Here's a number that should make you pause: streaming platform Deezer is receiving roughly 75,000 AI-generated song submissions every single day. That figure, reported by TechCrunch and confirmed by the company, represents about 44 percent of all daily uploads to the platform. In other words, nearly half the music hitting Deezer's servers each day wasn't made by a human being.
A flood of content, but not a flood of listeners
Before the panic sets in, there's a telling counterpoint buried in the data. Despite this near-takeover of the upload queue, AI-generated music accounts for just 1 to 3 percent of total streams on the platform. People are uploading AI songs at an extraordinary rate - but actual listeners aren't seeking them out.

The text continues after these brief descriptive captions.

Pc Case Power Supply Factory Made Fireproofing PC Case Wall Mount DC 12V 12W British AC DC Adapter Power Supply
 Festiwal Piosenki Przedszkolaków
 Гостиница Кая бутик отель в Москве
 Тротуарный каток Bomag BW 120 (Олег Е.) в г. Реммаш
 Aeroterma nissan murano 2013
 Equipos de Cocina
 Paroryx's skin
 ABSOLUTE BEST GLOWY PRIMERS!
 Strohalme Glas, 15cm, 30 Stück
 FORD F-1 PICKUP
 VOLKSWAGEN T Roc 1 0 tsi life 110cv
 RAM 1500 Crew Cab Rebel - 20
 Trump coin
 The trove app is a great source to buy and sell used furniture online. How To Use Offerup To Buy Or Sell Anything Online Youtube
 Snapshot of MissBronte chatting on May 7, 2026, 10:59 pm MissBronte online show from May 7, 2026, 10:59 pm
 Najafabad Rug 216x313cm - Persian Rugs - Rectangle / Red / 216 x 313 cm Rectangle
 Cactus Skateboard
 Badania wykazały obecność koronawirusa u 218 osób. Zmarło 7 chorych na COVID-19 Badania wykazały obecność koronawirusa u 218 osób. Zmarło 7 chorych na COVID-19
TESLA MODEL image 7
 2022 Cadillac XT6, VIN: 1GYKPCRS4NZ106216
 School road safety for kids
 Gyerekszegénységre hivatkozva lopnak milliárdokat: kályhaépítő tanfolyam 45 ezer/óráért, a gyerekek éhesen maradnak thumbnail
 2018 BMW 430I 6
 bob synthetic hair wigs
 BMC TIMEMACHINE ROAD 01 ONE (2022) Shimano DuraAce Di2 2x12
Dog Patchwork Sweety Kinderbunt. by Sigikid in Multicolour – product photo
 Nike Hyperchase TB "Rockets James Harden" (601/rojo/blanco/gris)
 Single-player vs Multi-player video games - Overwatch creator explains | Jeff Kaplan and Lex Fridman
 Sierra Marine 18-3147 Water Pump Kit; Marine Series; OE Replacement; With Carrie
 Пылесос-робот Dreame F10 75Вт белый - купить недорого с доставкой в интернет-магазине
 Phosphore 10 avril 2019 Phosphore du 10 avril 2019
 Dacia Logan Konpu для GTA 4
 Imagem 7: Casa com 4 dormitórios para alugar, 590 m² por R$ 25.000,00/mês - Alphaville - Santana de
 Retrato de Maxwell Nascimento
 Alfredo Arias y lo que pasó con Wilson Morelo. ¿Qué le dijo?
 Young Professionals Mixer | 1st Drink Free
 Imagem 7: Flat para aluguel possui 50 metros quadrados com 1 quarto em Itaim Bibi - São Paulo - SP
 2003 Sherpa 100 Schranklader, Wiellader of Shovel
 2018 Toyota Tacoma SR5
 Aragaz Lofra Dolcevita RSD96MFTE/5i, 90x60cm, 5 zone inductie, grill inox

That gap between supply and demand tells you a lot. It suggests a lot of this activity is less about making music people love and more about gaming the system - what Deezer itself describes as "fraudulent" uploads, likely tied to streaming manipulation schemes designed to generate royalty payouts.

What Deezer is doing about it
The company isn't sitting still. Deezer says it has removed AI-generated music from its recommendation algorithm, meaning these tracks won't be surfaced to listeners through curated playlists or discovery features. The platform is also positioning its detection approach as a potential industry standard - a signal that this isn't just a Deezer problem, but a challenge the entire music streaming world is going to have to reckon with.

Why this matters beyond the stats
The real issue here isn't whether AI music sounds good or bad - some of it genuinely doesn't. It's about what happens to the broader ecosystem when the economics of streaming get distorted by automated content at this scale. Every fraudulent stream is potentially money diverted away from the human artists who depend on those royalty fractions to make a living.
For now, the listening public seems largely unbothered - or at least unaware. People are streaming what they want to stream, and apparently that's still mostly music made by people. But as detection tools and platform policies evolve, the music industry is clearly entering a new phase where the definition of "artist" - and how platforms protect legitimate ones - is going to matter more than ever.